#### [THE INPUT]
+ + +
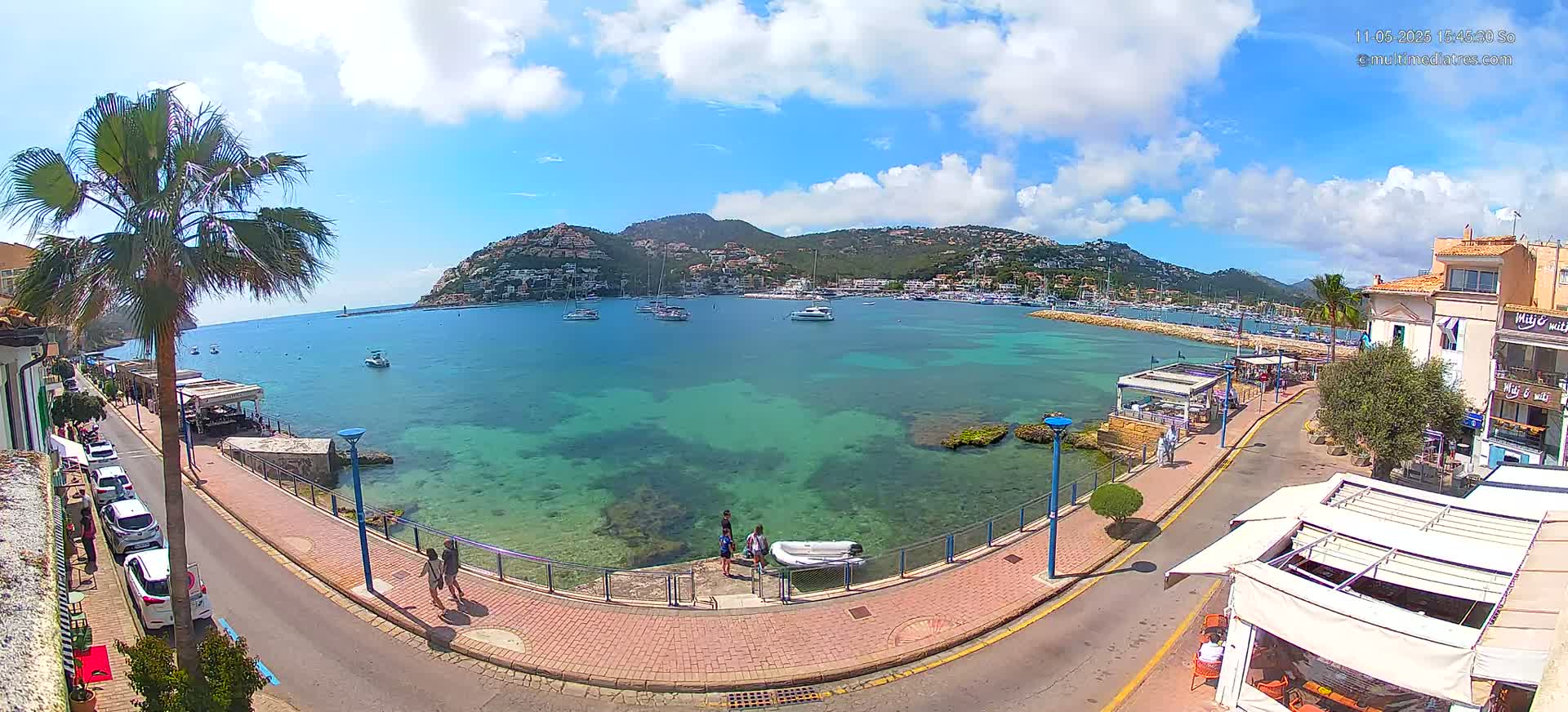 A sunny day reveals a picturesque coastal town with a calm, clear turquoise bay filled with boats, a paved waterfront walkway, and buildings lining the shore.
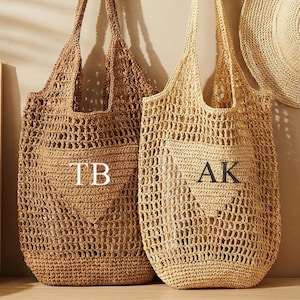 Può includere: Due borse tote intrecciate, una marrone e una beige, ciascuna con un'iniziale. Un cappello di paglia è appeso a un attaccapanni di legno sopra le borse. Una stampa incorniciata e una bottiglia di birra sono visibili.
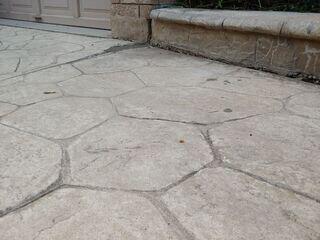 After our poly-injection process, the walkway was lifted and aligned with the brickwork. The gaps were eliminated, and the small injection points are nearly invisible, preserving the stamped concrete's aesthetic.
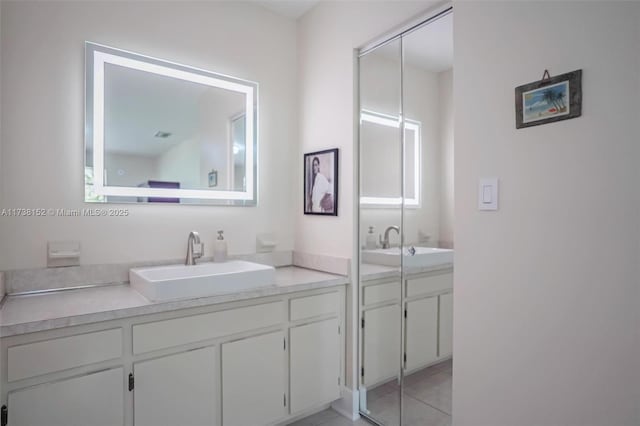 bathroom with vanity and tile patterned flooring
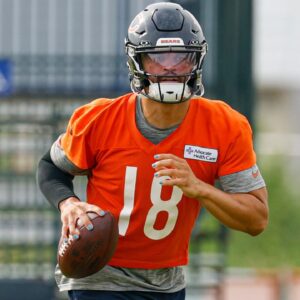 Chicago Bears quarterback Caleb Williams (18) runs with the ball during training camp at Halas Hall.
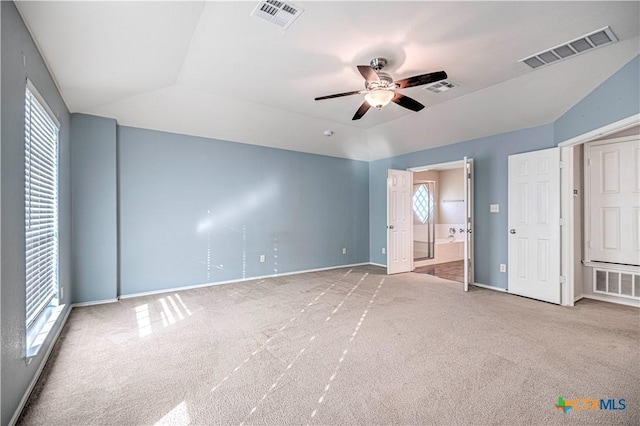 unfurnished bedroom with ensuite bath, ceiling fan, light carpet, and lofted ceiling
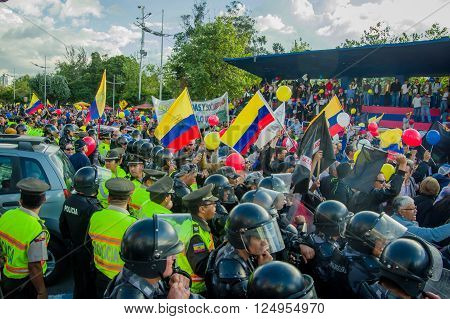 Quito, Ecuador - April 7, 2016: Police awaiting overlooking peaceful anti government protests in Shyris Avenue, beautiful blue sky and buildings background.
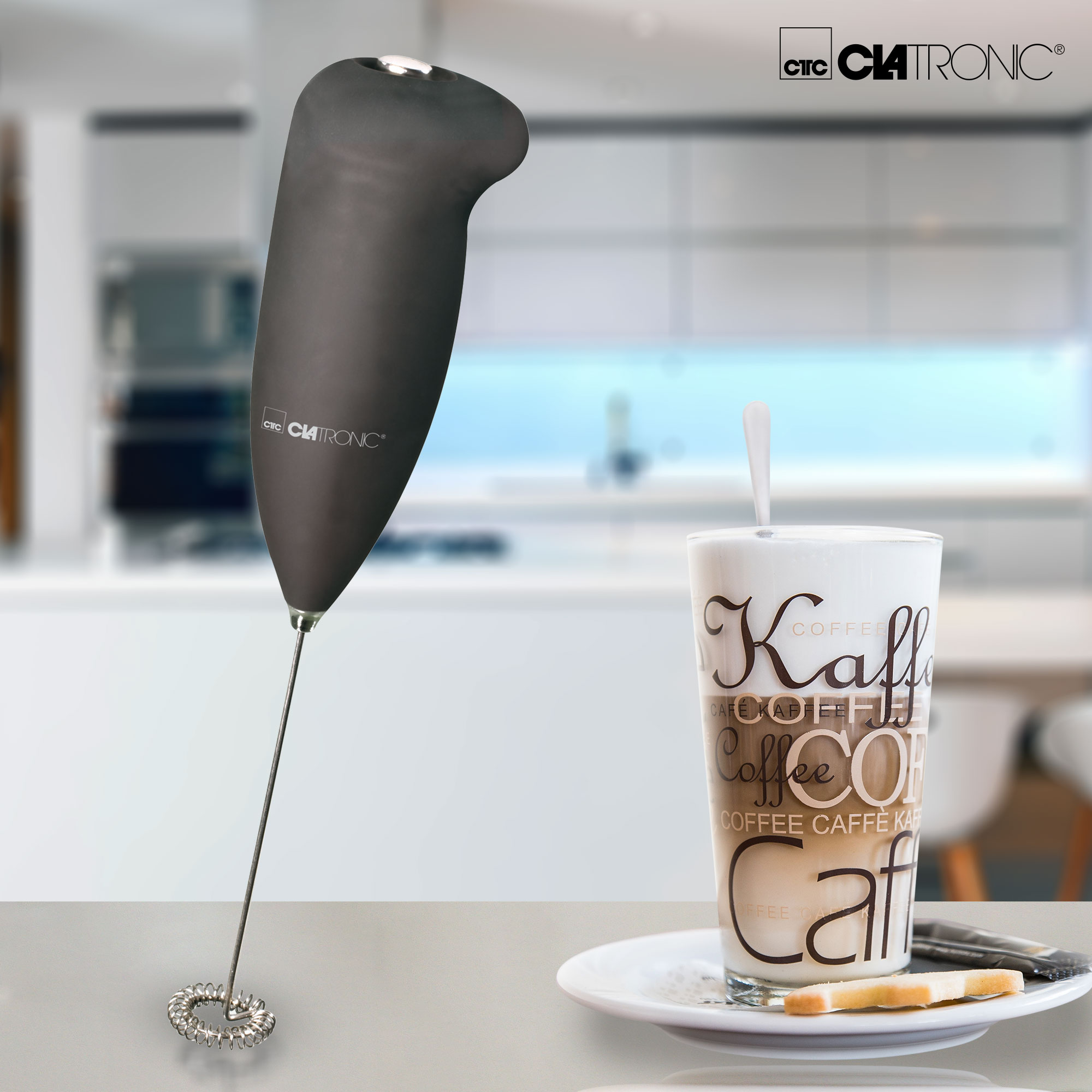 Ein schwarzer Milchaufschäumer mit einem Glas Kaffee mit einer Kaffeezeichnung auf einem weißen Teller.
+ + +
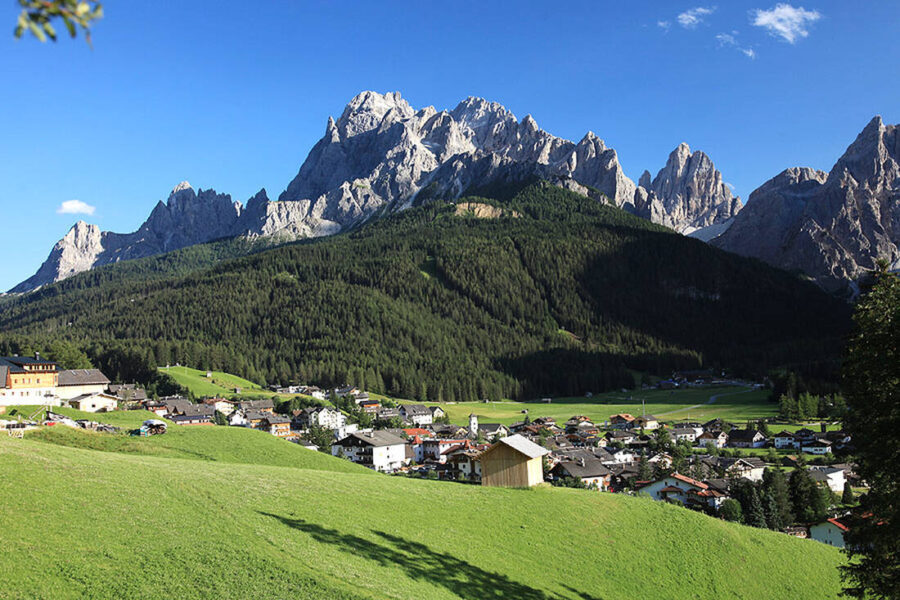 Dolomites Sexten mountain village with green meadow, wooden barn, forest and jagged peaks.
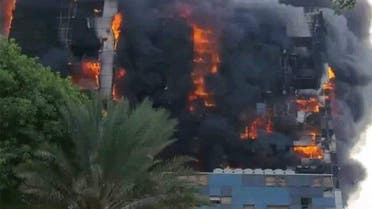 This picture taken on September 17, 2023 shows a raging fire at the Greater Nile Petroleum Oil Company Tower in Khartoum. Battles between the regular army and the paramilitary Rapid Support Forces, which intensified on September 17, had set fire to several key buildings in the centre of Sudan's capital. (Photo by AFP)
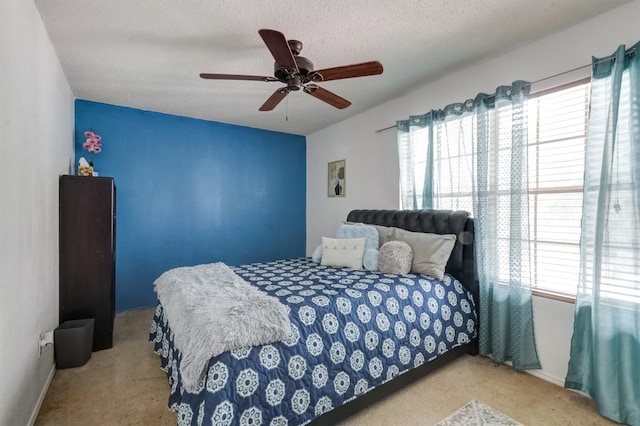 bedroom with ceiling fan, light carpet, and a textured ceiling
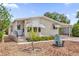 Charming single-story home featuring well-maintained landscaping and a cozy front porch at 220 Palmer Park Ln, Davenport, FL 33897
+ + +
#### [WHAT IS REQUIRED]
Reproduce exactly, with no pictures, the lines above from the one holding "A sunny day" to the one holding "bathroom with vanity", inclusive.

#### [EXPECTED OUTPUT]
 A sunny day reveals a picturesque coastal town with a calm, clear turquoise bay filled with boats, a paved waterfront walkway, and buildings lining the shore.
 Può includere: Due borse tote intrecciate, una marrone e una beige, ciascuna con un'iniziale. Un cappello di paglia è appeso a un attaccapanni di legno sopra le borse. Una stampa incorniciata e una bottiglia di birra sono visibili.
 After our poly-injection process, the walkway was lifted and aligned with the brickwork. The gaps were eliminated, and the small injection points are nearly invisible, preserving the stamped concrete's aesthetic.
 bathroom with vanity and tile patterned flooring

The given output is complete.